O Comitê de Ministros do Sistema de Avaliação Ambiental (SEA) rejeitou as reclamações apresentadas por observadores do processo de participação cidadã contra o projeto portuário Copiaport-E, mantendo em vigor a Resolução de Qualificação Ambiental (RCA) favorável concedida em setembro de 2025. Com isso, ratifica-se a viabilidade da iniciativa, que também conta com o apoio da tribo norte-americana Chiricahua Apache.
Entre os opositores figuraram as municipalidades de Caldera e Copiapó, além de diversos particulares. O Copiaport-E contempla a construção e operação de um complexo portuário na comuna da qual leva o nome, destinado à recepção, armazenamento e embarque de graneis limpos, bem como à transferência de contêineres, carga geral e fertilizantes.
Em particular, o Comitê estimou que os dados levantados permitiram caracterizar adequadamente os efeitos do projeto sobre o ecossistema marinho, descartando uma subestimação de seus impactos e validando as medidas de mitigação e monitoramento comprometidas.
A instância também apoiou a análise realizada sobre a fauna terrestre e considerou suficientes as medidas propostas para abordar as afetações identificadas. Da mesma forma, concluiu que a informação recolhida sobre a flora herbácea, as geófitas e o fenômeno do deserto florido permitiu avaliar adequadamente esses componentes, descartando efeitos ambientais relevantes.
Em relação aos recursos hídricos, sustentou que a modelagem hidrogeológica e os programas de monitoramento permitem descartar riscos para o abastecimento humano, as atividades de subsistência e os ecossistemas associados à Quebrada do Totoral. Da mesma forma, considerou adequadamente avaliadas as eventuais interferências sobre a circulação, conectividade e acesso dos grupos humanos da área.
Em matéria de paisagem e valor turístico, a resolução concluiu que os antecedentes apresentados foram suficientes para determinar que o projeto não gerará alterações ambientais de relevância. Avaliação similar foi realizada em relação ao patrimônio arqueológico e cultural presente na zona de influência.
Além disso, ratificou que a consulta indígena foi iniciada oportunamente e desenvolvida conforme a normativa vigente para as comunidades suscetíveis de afetação direta. Juntamente com isso, desconsiderou as reclamações relacionadas a matérias setoriais e de política pública, ao considerar que excedem o âmbito de competência do Sistema de Avaliação de Impacto Ambiental (SEIA).
Entre as principais instalações consideradas no Copiaport-E estão um Terminal de Graneis Limpos com capacidade de até 10 milhões de toneladas anuais e um Terminal Multiuso para manipular contêineres (300 mil TEU/ano), carga geral (150 mil TPA) e fertilizantes (150 mil TPA).

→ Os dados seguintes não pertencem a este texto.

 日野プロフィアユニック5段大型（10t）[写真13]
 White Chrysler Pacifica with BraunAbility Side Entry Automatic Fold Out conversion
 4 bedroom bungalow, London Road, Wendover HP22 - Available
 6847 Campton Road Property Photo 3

Sua construção estima-se que demore 24 meses e o desembolso de USD 450 milhões.
Desta forma, o Comitê de Ministros rejeitou formalmente os recursos apresentados por organizações e particulares que participaram do processo de avaliação ambiental, embora tenha introduzido modificações pontuais à RCA relacionadas ao monitoramento de exemplares de tartaruga-verde (Chelonia mydas) na Baía Chasco.

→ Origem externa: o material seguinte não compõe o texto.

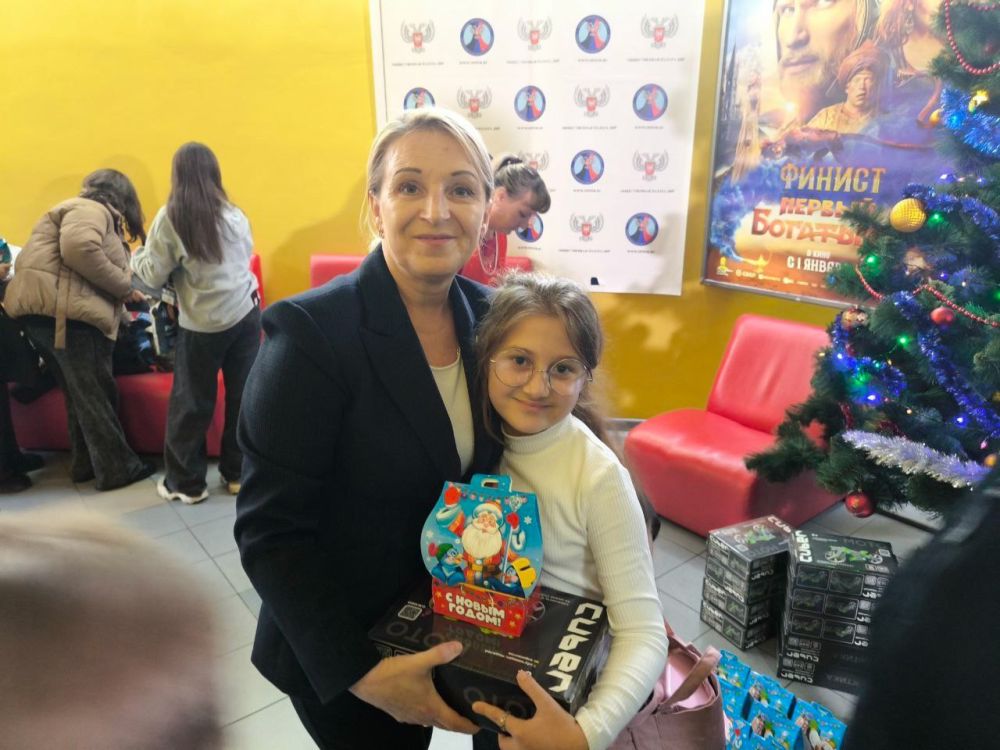 Николай Михайлов: Дети из Старобешевского округа отметили День Святого Николая поездкой в кинотеатр «Звездочка»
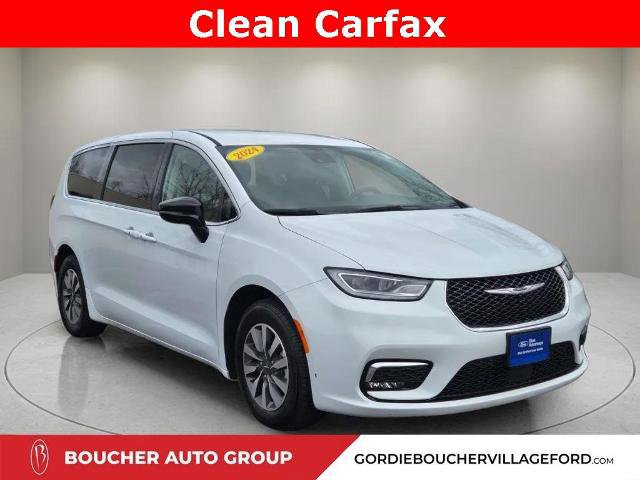 Used 2024 Chrysler Pacifica Limited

Contempla-se que o Copiaport-E tenha uma vida útil aproximada de 50 anos, o que preliminarmente compreendia entre 2024 e 2074 em sua fase de operação. A tramitação do projeto - que visa a se tornar o primeiro megaporto ecológico do Atacama - iniciou-se formalmente em 2020 e necessitou de três adendos (2022, 2023 e 2025) antes de ser votado favoravelmente pela comissão.